To this claim of the socialists, one reply is obvious. Every immediate political duty now before us is committed to the principle of regulation. For some years we are going to try that. We are not going to assume that mines, oil, timber, elevators, and our vast transportation system with its connecting monopolies, are all to be taken under state proprietorship and managed as our postal system is now managed. For any future worth discussing, we are going to use our strength to regulate these monopolies in the public interest. In that decade when the people are at last convinced that these monopolies are more powerful than government; that we have no hope of curbing them into obedience before the law, – in that decade the cry will go up for government ownership on a scale far wider than that of railways and telegraphs.

At this point I do not wish to hedge or shuffle. That the younger of my hearers will see far more government and city ownership than we now have, seems to me so obvious that the discussion of it is not even interesting. Our government must have an economic basis strong enough and broad enough to give it footing against all unfair private monopoly. But this degree of government ownership does not land us in Socialism. It may, indeed, protect us from every dangerous excess which Socialism carries with it.

When the German government secures a large mining property with the distinct understanding that, if necessary, it shall be worked in the public interest to break a private coal monopoly, we have an illustration of one step which our own government ought also to take. The object, in this case, is not to go into a new business, but to break monopoly power, actual or threatened. Or consider that brave experiment station, New Zealand! Her Compulsory Arbitration may fail; she may be forced to an industrial pace slower than we like; but the main purpose of her social policy is sound to the core; and we are now trying clumsily to imitate it. Yet we are still afraid – we "don't more'n half believe it." Her purpose is to use the power of city and state in New Zealand to prevent the private fleecing of the people through monopoly. Whether it is her land policy or her insurance policy, the aim is to check at their source inherent monopoly abuses.

One is forever hearing that New Zealand is being given over hand and foot to Socialism. The only trouble with the statement is that it is not true. If you tax a vast estate down there so that it must be cut into small holdings upon which some twenty times more people can live than lived on the private estate, and if this added population is encouraged to win more and more interest and profit-bearing forms of wealth, you have a situation in which the thoroughpaced socialists may be entirely out of the game.

The essence of the socialist's logic is, that all interest on money and all profits on goods made for the market (as well as all rent) are inherently vicious and antisocial so long as they drop into private pockets. There is no distinction between the greedy abuses of capitalism through organized privilege and the possible uses of capitalism under regulation.

But think of this issue as we may, we are as a fact now committed to regulation – committed to a long and hard struggle to bring monopoly evils under social control. This is now our situation and our problem.

Yet how easy it is to put these evils into phrases!
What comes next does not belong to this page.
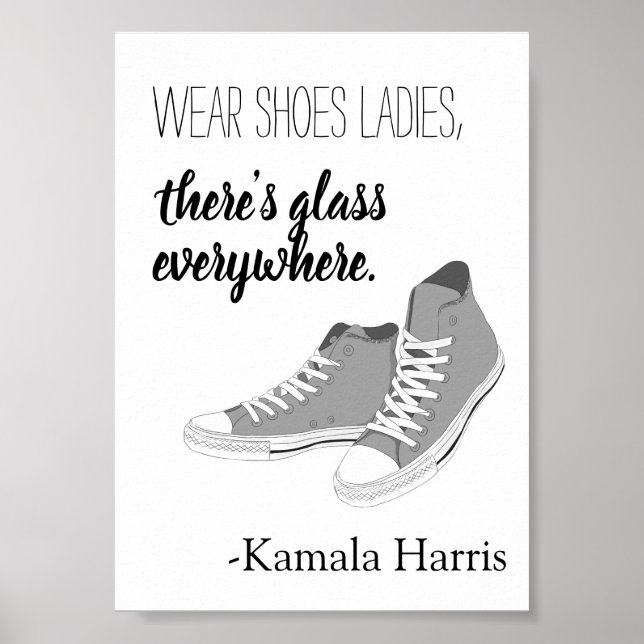 Wear Shoes Ladies There's Glass Kamala Harris Poster (Front)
How hard it is to relate ourselves to definite and effective proposals for the elimination of the evils! Such proposals have nevertheless been at last put before us with coherence and with deliberation. They have been put before the American people with a clearness which cannot be shirked without bad faith on our part. They have been brought within the sphere of practical politics, where their decision now waits upon the choice of the people as a whole.

This commanding policy for future as well as for present interests, for the entire people as well as for the few, has been stated in its integrity in two messages from President Roosevelt. Men may differ about the Philippines; about our military and naval ambition; about nature-fakirs and race-suicide; but about the ordered and constructive purpose to curb the abuses of our ill-regulated private monopolies, there should be no disagreement among sane and disinterested men. No one has ever yet shown genius enough to do disagreeable duties agreeably to all men. To the end of time, if we ourselves are inconvenienced, we shall probably say: "Of course this thing ought to be done, – but it should be done in some other way." The various methods of railroad regulation may irritate us, but that the railroad must be brought so far under public control as to obey the law and serve all men with approximate fairness, no human being who is intellectually and morally awake can longer deny.